▶ _What is required_
The output should be the listing below, limited to the lines from the one with "Vând iphone 11 impecabil" through the one with "Các võ sĩ thi", exact and without pictures.
Top of Information supplied
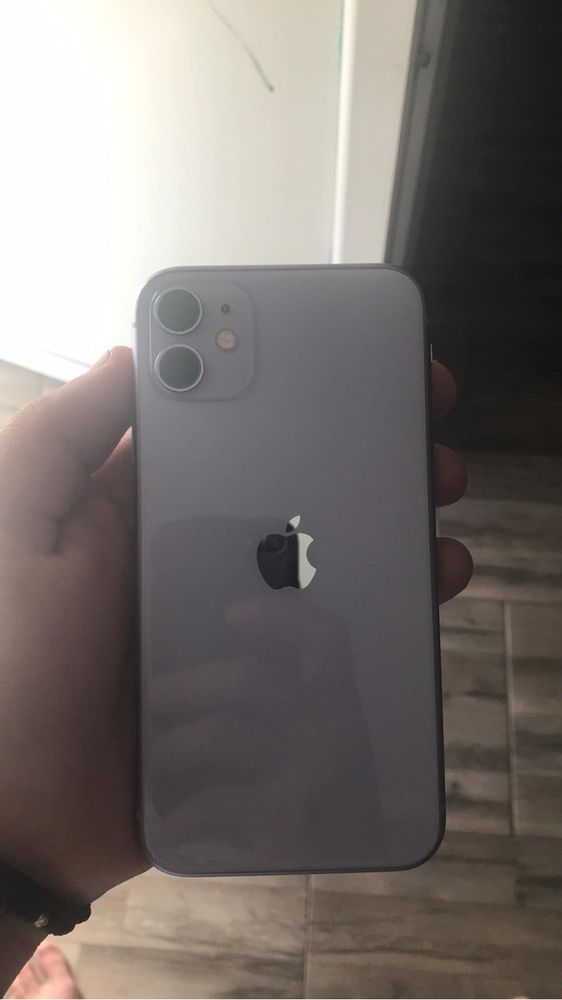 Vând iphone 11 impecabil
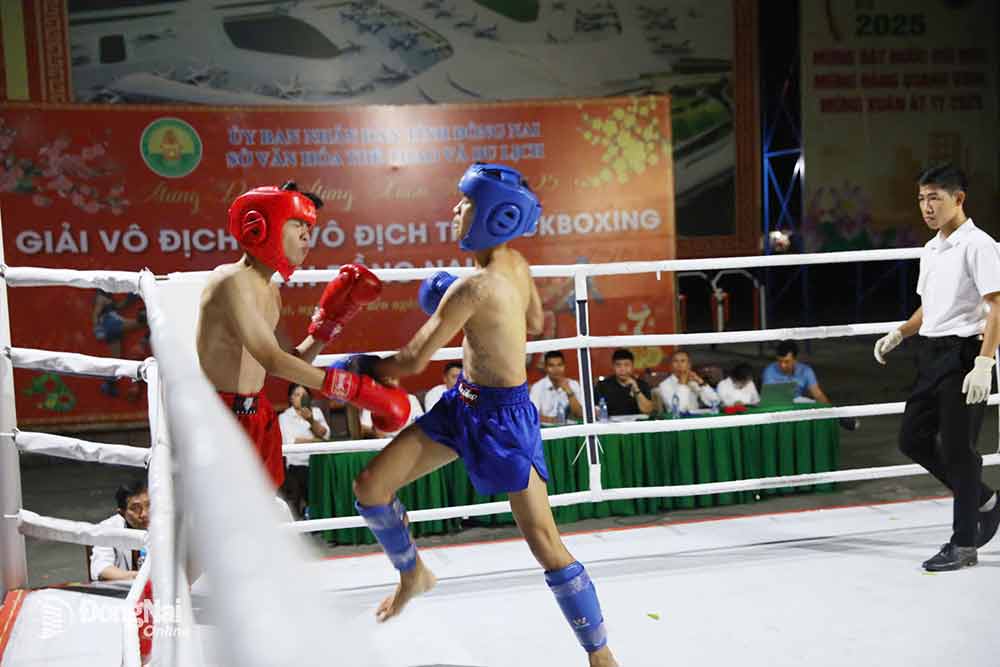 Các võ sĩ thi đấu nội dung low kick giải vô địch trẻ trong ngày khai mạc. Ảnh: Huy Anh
Bottom of Information supplied
Top of Information supplied
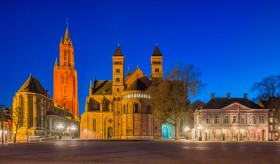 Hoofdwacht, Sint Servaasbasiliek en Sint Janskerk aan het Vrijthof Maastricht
Bottom of Information supplied
▶ _Task response_
 Vând iphone 11 impecabil
 Các võ sĩ thi đấu nội dung low kick giải vô địch trẻ trong ngày khai mạc. Ảnh: Huy Anh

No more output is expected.